Start of RECORDS FOR THE TASK
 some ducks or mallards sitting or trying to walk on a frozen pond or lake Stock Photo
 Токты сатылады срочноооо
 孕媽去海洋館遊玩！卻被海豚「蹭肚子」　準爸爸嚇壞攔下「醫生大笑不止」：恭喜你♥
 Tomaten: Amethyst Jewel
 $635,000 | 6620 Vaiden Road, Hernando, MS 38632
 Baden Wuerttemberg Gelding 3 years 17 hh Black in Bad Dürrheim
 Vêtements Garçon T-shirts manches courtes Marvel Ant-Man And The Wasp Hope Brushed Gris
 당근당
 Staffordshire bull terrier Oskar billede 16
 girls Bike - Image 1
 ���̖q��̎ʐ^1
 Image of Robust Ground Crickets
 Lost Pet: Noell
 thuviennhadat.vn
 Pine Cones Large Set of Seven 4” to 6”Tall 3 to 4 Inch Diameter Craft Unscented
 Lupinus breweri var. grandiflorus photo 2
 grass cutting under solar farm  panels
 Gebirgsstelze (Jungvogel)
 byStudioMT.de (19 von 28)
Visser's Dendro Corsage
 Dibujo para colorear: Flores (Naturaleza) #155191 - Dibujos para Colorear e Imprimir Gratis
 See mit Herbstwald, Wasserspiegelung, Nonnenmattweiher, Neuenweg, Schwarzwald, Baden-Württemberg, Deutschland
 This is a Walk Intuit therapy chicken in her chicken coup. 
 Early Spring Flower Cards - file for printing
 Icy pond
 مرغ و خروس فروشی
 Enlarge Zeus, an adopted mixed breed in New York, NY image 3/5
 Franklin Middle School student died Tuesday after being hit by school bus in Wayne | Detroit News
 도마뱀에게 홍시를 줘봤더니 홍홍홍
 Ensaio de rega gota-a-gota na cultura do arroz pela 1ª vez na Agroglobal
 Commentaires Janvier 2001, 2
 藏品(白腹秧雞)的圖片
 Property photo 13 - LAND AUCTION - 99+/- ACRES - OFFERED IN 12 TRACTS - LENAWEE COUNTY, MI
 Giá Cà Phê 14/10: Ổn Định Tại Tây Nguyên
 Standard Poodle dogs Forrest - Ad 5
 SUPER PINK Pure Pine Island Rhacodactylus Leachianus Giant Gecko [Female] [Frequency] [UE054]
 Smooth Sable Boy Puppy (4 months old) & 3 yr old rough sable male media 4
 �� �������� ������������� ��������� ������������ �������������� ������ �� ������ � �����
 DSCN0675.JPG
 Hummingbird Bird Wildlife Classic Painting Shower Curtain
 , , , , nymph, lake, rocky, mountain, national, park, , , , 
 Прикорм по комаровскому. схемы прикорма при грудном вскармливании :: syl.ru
End of RECORDS FOR THE TASK
_WHAT THE TASK ASKS_
Lines from the start of the records through the one containing "藏品(白腹秧雞)的圖片" are what should be retyped, exactly and in full, both ends included.

_EXERCISE RESPONSE_
 some ducks or mallards sitting or trying to walk on a frozen pond or lake Stock Photo
 Токты сатылады срочноооо
 孕媽去海洋館遊玩！卻被海豚「蹭肚子」　準爸爸嚇壞攔下「醫生大笑不止」：恭喜你♥
 Tomaten: Amethyst Jewel
 $635,000 | 6620 Vaiden Road, Hernando, MS 38632
 Baden Wuerttemberg Gelding 3 years 17 hh Black in Bad Dürrheim
 Vêtements Garçon T-shirts manches courtes Marvel Ant-Man And The Wasp Hope Brushed Gris
 당근당
 Staffordshire bull terrier Oskar billede 16
 girls Bike - Image 1
 ���̖q��̎ʐ^1
 Image of Robust Ground Crickets
 Lost Pet: Noell
 thuviennhadat.vn
 Pine Cones Large Set of Seven 4” to 6”Tall 3 to 4 Inch Diameter Craft Unscented
 Lupinus breweri var. grandiflorus photo 2
 grass cutting under solar farm  panels
 Gebirgsstelze (Jungvogel)
 byStudioMT.de (19 von 28)
Visser's Dendro Corsage
 Dibujo para colorear: Flores (Naturaleza) #155191 - Dibujos para Colorear e Imprimir Gratis
 See mit Herbstwald, Wasserspiegelung, Nonnenmattweiher, Neuenweg, Schwarzwald, Baden-Württemberg, Deutschland
 This is a Walk Intuit therapy chicken in her chicken coup. 
 Early Spring Flower Cards - file for printing
 Icy pond
 مرغ و خروس فروشی
 Enlarge Zeus, an adopted mixed breed in New York, NY image 3/5
 Franklin Middle School student died Tuesday after being hit by school bus in Wayne | Detroit News
 도마뱀에게 홍시를 줘봤더니 홍홍홍
 Ensaio de rega gota-a-gota na cultura do arroz pela 1ª vez na Agroglobal
 Commentaires Janvier 2001, 2
 藏品(白腹秧雞)的圖片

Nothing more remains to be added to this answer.